◆ Assignment
All of the data that follows is to be printed exactly, without pictures.

◆ Records to use
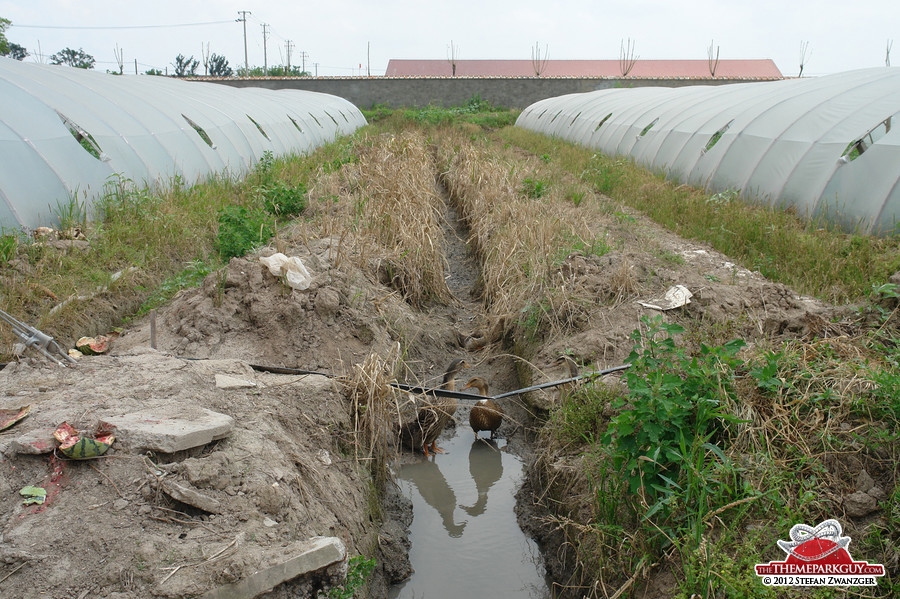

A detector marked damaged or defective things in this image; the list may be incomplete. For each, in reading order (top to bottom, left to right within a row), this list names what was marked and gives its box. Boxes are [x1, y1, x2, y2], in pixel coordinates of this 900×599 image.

broken concrete block [100, 408, 234, 454]
broken concrete block [201, 536, 348, 596]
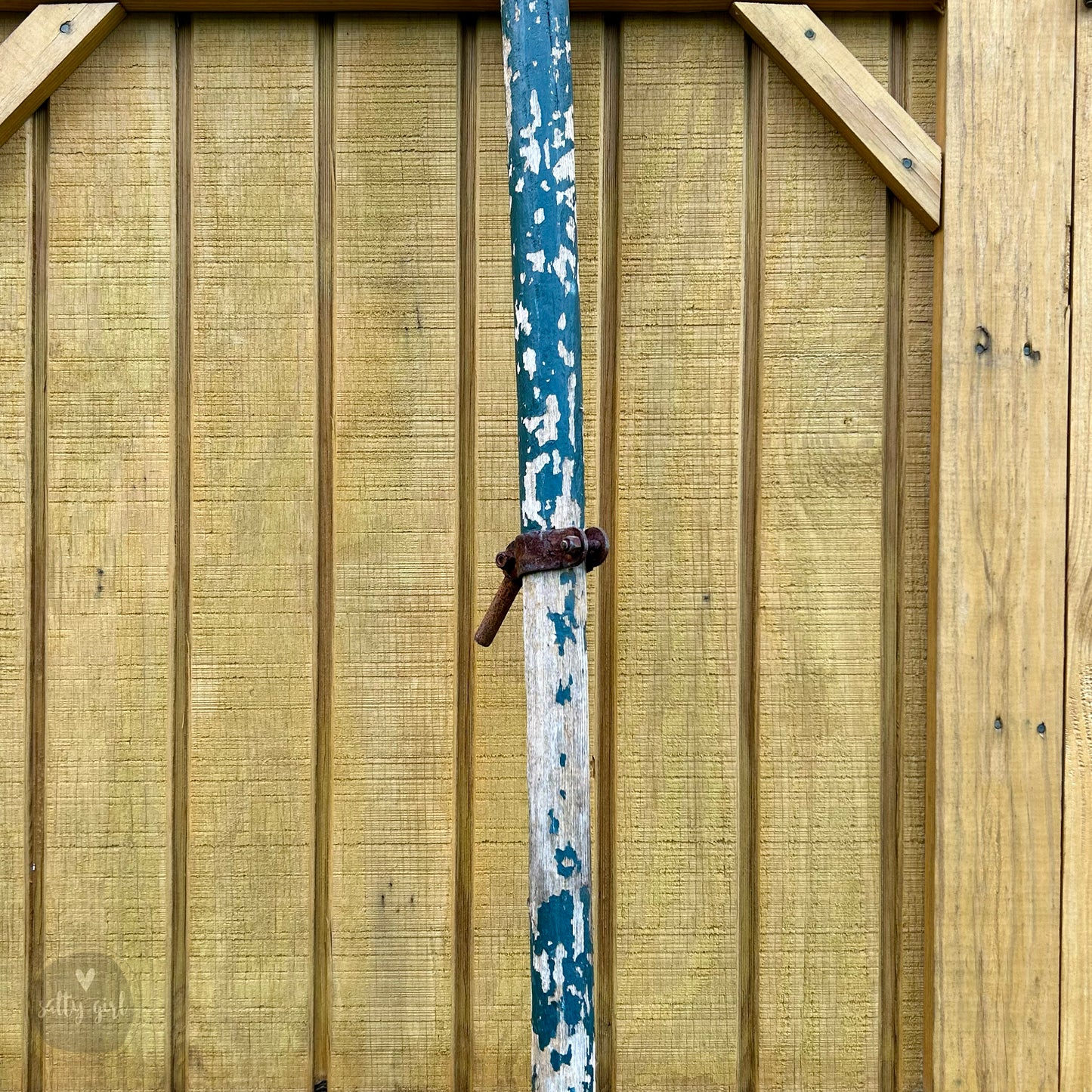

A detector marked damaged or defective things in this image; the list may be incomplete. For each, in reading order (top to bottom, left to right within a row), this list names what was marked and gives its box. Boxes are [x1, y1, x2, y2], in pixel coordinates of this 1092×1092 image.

rusty metal clamp [476, 524, 611, 642]
rusty metal lever [476, 524, 611, 642]
chipped blue paint [502, 0, 598, 1087]
chipped blue paint [555, 843, 580, 877]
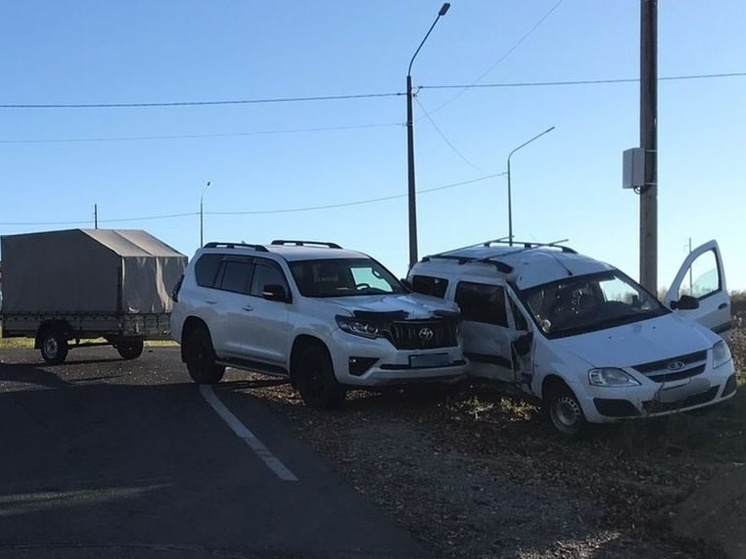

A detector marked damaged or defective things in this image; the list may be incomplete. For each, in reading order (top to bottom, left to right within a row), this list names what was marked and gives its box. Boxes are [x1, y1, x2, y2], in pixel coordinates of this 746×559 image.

broken windshield [516, 270, 668, 340]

◆ Problem solution
A detector marked damaged or defective things in this image; the list may be incomplete. For each, in reading order (top to bottom, left to right within a row), this list names what was marked and gives its box. Boxes are [x1, y1, x2, y2], in pixel coordinates of this 900×599 image.

broken concrete block [100, 408, 234, 454]
broken concrete block [201, 536, 348, 596]

A detector marked damaged or defective things in this image; the list may be incomplete. For each, in reading order (top to bottom, left to right within a row), this list names what was marked and gives its box. Boxes are [x1, y1, x2, y2], in pixel coordinates of this 1092×1092 image.

rusty metal clamp [476, 524, 611, 642]
rusty metal lever [476, 524, 611, 642]
chipped blue paint [502, 0, 598, 1087]
chipped blue paint [555, 843, 580, 877]

A detector marked damaged or defective things in this image; the list may be incomplete. For each, in reading order (top to bottom, left to right within a row), this list names what was marked and gives its box. Boxes are [x1, y1, x2, y2], in pixel coordinates of this 746×559 image.

broken windshield [516, 270, 668, 340]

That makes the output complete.